We know from other research that particular institutions, policies, and events can have a detrimental and long-lasting impact on economic and political outcomes (e.g. Nunn 2011, Voigtländer and Voth, 2012). But it is hard to find a setting where we can study the long-run impact of autocratic institutions. A key feature of autocracy is the use of persecutions to intimidate potential opponents. In our paper, Melanie and I argue that the intensification of imperial autocracy that took place in the High Qing period (1680-1794) provides an ideal setting to study the impact of such persecutions.
The High Qing period was one of great political stability, imperial expansion, and internal peace. Economic historians like Bin Wong and Ken Pomeranz have shown that China possessed a flourishing market economy during this period; it experienced Smithian economic growth and a massive demographic expansion. Rulers such as the Kangxi (1661-1722) and Qianlong Emperors (1735-1794) are seen as among the most successful in Chinese history. Nevertheless, as ethnic Manchus, these rulers were extremely sensitive to possible opposition from the Han Chinese. And during this period Qing tightened control over the gentry and implemented a policy of the systematic persecution of dissent. (Figure 1 depicts the Manchu conquest of China.)
The Literary Inquisitions
The focus of our paper is on the impact of persecutions conducted by Qing China against individuals suspected of expressing disloyalty. We study the impact of these state-orchestrated persecutions on the social fabric of society. This allows us to speak to the kinds of concerns that authors like Hannah Arendt and George Orwell expressed about the long-run impact of totalitarianism in the 20th century.
These persecutions are referred to by historians as ‘literary inquisitions’. Existing scholarship suggests that the resulting fear of persecution elevated the risks facing writers and scholars, and created an atmosphere of oppression and a culture of distrust which deterred intellectuals from playing an active role in society. But these claims have never been systematically investigated. Putting together several unique datasets for historical and modern China, we explore the impact of literary inquisitions on social capital in Qing China and trace its long-run impact on modern China through its effect on cultural values.

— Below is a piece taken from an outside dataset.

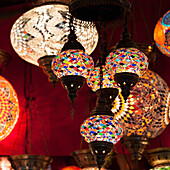 'Colourful illuminated light fixtures hanging on display;Istanbul turkey'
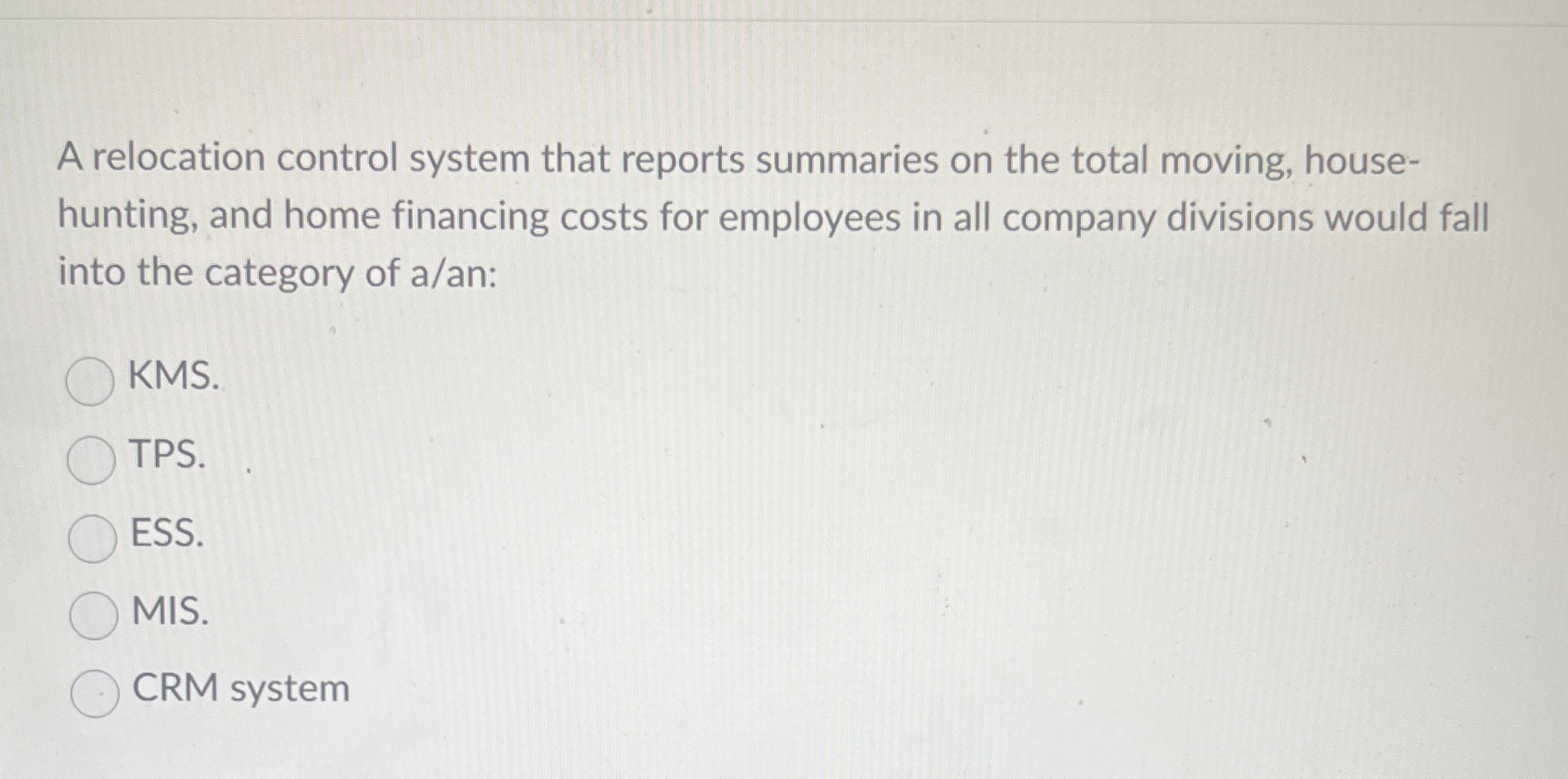  A relocation control system that reports summaries on the total moving,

To conduct our analysis, we use data on 88 inquisition cases. We match the victims of each case (there are often multiple victims per case) to their home prefecture. This data is depicted in Figure 1. Since prefectures varied greatly in their economic, social, and political characteristics we conduct our analysis on a matched sample. This ensures that the prefectures “treated” by a literary inquisition are similar in terms of their observables to those we code as “untreated”. As our data is a panel, we are able to exploit variation across time as well as variation in space.
While individuals could be persecuted for a host of reasons, these were all but impossible to anticipate ex ante. Cases were referred to the emperor himself. Frederic Wakeman called this “the institutionalization of Imperial subjectivity.” The standard punishment in such cases was death by Lingchi or (slow slicing) and the enslavement of all one’s immediate relatives. In some cases, however, the guilty party would be executed by beheading. These persecutions aimed to deter opposition to Qing rule by signaling the ability of the Emperor to hunt down all potential critics or opponents of the regime.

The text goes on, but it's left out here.